Dağarcık - Mart 2012 (2. baskı)
- rizakati
- 24 Nis 2021
- 2 dakikada okunur
Güncelleme tarihi: 26 May 2021
Zamanımızın Paradoksu IV -
DAHA ÇOK PLAN YAPIYORUZ AMA DAHA AZ SONUCA VARIYORUZ

Grammy ödüllü ABD'li oyuncu ve yazar George Carlin, Tarih içinde zamanımızın paradoksunu sıralamaya devam ediyor:
Havayı temizledik, ama ruhumuzu kirlettik.
Atoma hükmettik, ama önyargılarımıza hükmedemedik.

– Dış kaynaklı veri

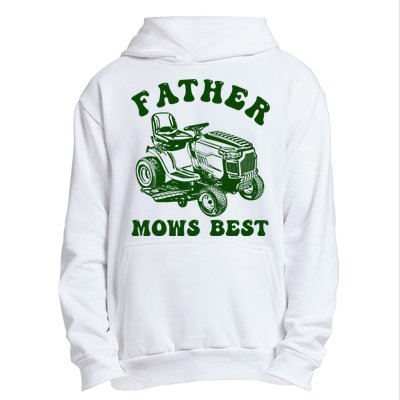 Father Mows Best Lawn Fathers Day Urban Pullover Hoodie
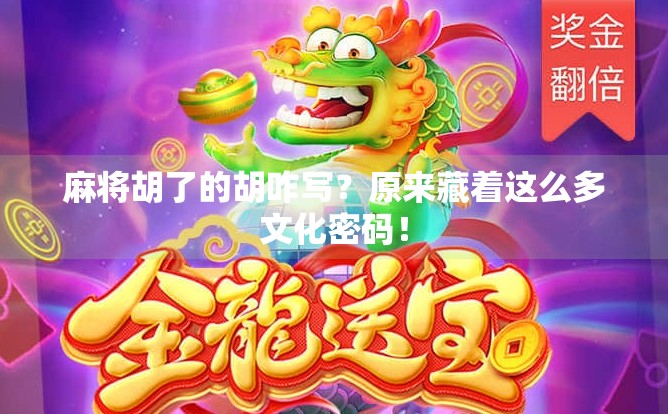 麻将胡了的胡咋写？原来藏着这么多文化密码！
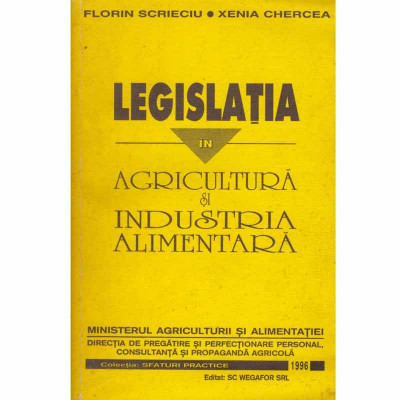 Florin Scrieciu, Xenia Chercea - Legislatia in agricultura si industria alimentara - 132130 foto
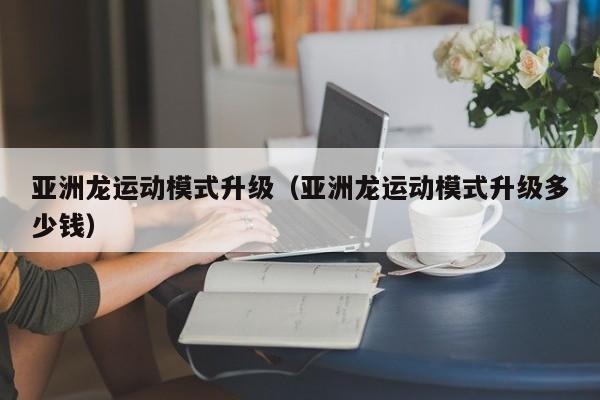 亚洲龙运动模式升级（亚洲龙运动模式升级多少钱）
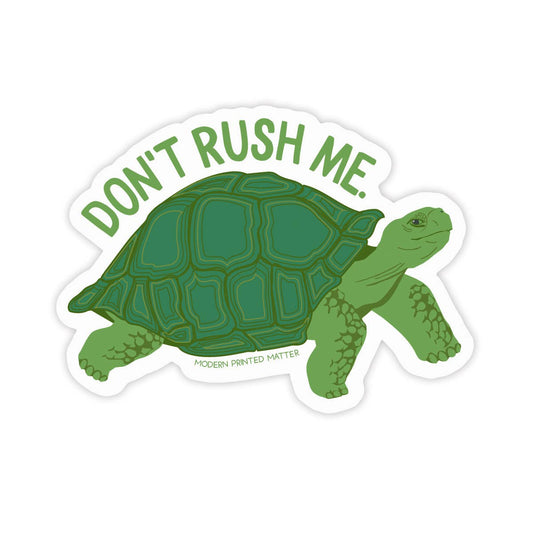 Don't Rush Me Sticker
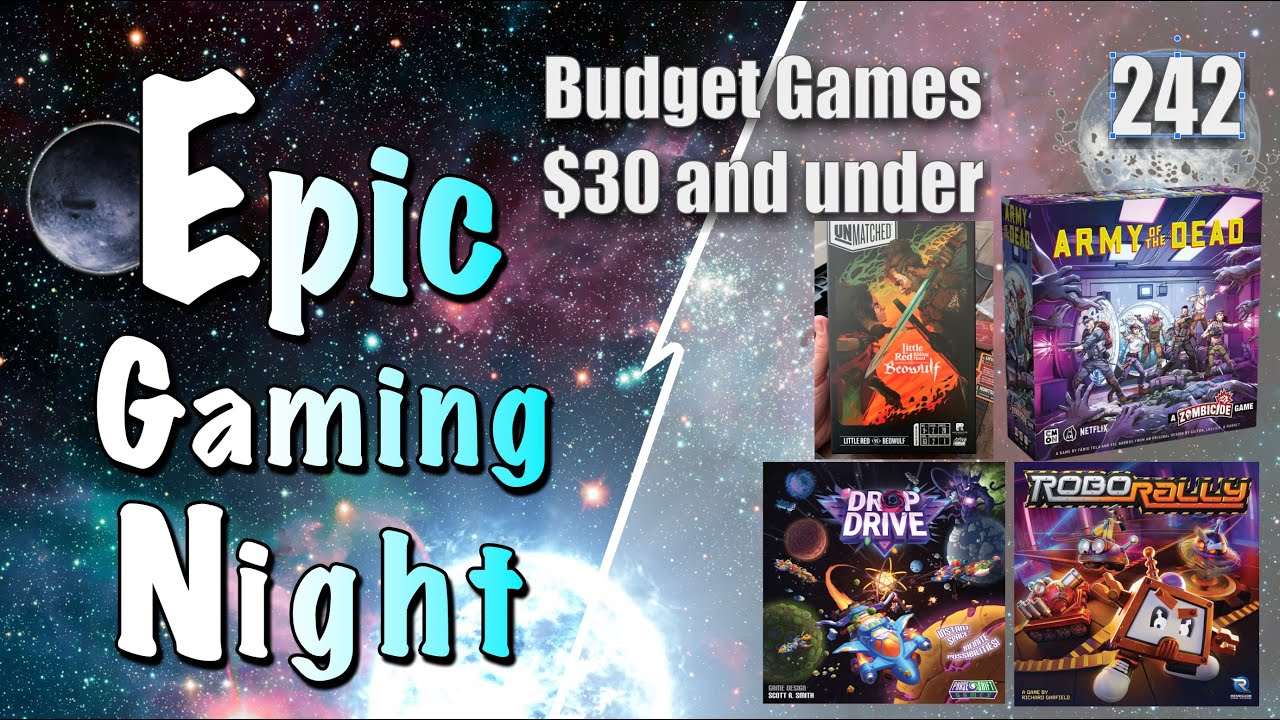 Epic Gaming Night EP 242 30$ and under!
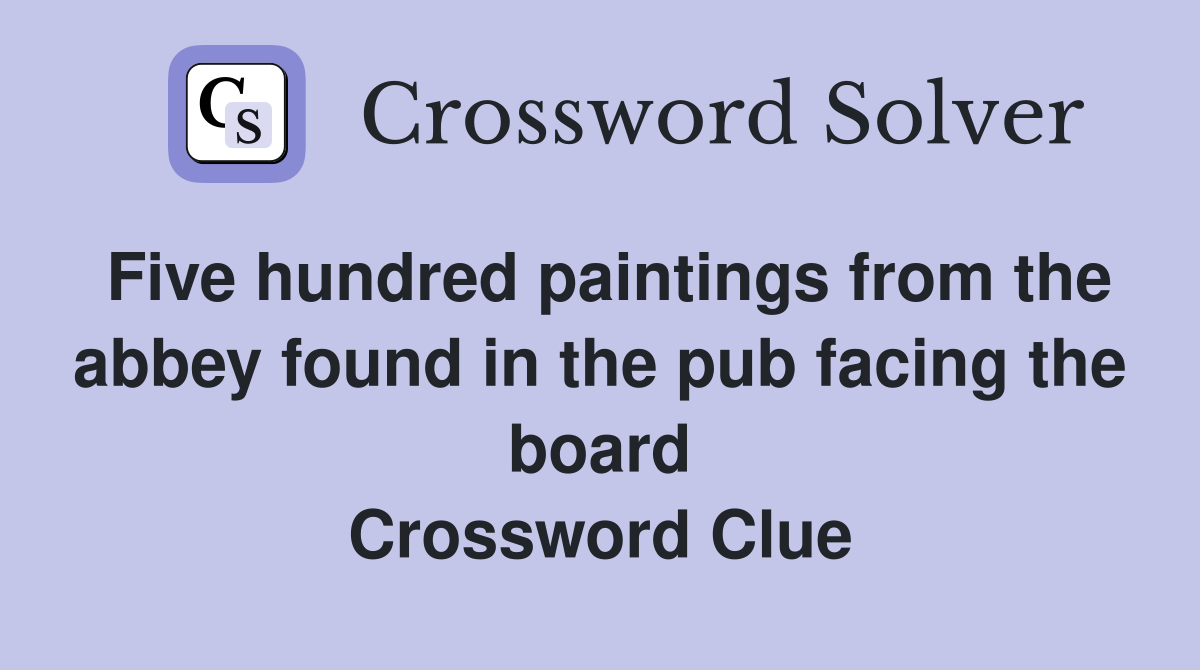 Five hundred paintings from the abbey found in the pub facing the board Crossword Clue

Daha çok yazıyoruz, ama daha az öğreniyoruz.
Daha çok plan yapıyoruz, daha az sonuca varıyoruz.
Koşuşturmayı öğrendik, ama beklemeyi öğrenemedik.
Daha fazla bilgiyi depolamak, her zamankinden daha çok kopya çıkarmak için daha çok bilgisayarlar yapıyoruz, ama git gide daha az iletişim kuruyoruz.

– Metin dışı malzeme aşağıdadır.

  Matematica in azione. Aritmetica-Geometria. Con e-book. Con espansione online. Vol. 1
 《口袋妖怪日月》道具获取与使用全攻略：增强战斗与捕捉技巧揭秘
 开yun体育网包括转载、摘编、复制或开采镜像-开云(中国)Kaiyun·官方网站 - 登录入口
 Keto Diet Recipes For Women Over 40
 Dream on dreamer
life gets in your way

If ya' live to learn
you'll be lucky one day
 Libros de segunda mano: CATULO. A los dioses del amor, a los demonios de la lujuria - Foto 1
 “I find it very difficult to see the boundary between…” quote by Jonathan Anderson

Zaman artık, hızlı hazırlanan ve yavaş sindirilen yiyeceklerin, büyük adamların ve küçük karakterlerin, yüksek kârların ve sığ ilişkilerin zamanıdır.

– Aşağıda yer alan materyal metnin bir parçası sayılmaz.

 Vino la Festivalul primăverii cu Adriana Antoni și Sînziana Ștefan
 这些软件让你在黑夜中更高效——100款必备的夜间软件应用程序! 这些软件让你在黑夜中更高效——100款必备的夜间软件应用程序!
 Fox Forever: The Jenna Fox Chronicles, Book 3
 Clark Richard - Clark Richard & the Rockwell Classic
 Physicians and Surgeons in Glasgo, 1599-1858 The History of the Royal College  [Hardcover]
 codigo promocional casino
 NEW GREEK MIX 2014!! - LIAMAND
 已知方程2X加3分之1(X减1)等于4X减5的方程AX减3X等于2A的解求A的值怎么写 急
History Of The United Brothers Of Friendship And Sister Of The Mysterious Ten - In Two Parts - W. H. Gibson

Günlerimiz artık, iki maaşın girdiği ama boşanmaların daha çok olduğu, evlerin daha süslü, ama yuvaların daha çok dağılmış olduğu günlerdir.
Bu günler, hızlı seyahatler, yok edilen ahlakî değerler, bir gecelik ilişkiler, obez bedenler ve neşelendirmekten sakinleştirmeye hatta öldürmeye kadar her şeyi yapabilen hapların olduğu günlerdir.
Vitrinlerde her şeyin sergilendiği, ama depolarda hiçbir şeyin olmadığı bir zamandayız.”
-oOo-
ÇORBAYI İÇEBİLMEK

Bir gün sormuşlar ermişlerden birine, “Sevginin sadece sözünü edenlerle, onu yaşayanlar arasında ne fark vardır?” “Bakın göstereyim…” demiş. Önce sevgiyi dilden gönüle indirememiş olanları çağırarak onlara bir sofra hazırlamış. Hepsi oturmuşlar iki sıra halinde sofra başına, tabaklar içinde sıcak çorbalar gelmiş. Arkasından da derviş kaşıkları denilen bir metre boyunda kaşıklar. Ermiş: “Bu kaşıklarla içeceksiniz çorbayı.” diye de bir şart koşmuş. “Peki…” demişler ve içmeye teşebbüs etmişler. Fakat o da ne? Kaşıklar uzun geldiğinden bir türlü döküp saçmadan, sapını yandaki kişinin kulağına, karşıdakinin gözüne sokmadan götüremiyorlar ağızlarına. En sonunda bakmışlar beceremiyorlar, öylece aç kalkmışlar sofradan.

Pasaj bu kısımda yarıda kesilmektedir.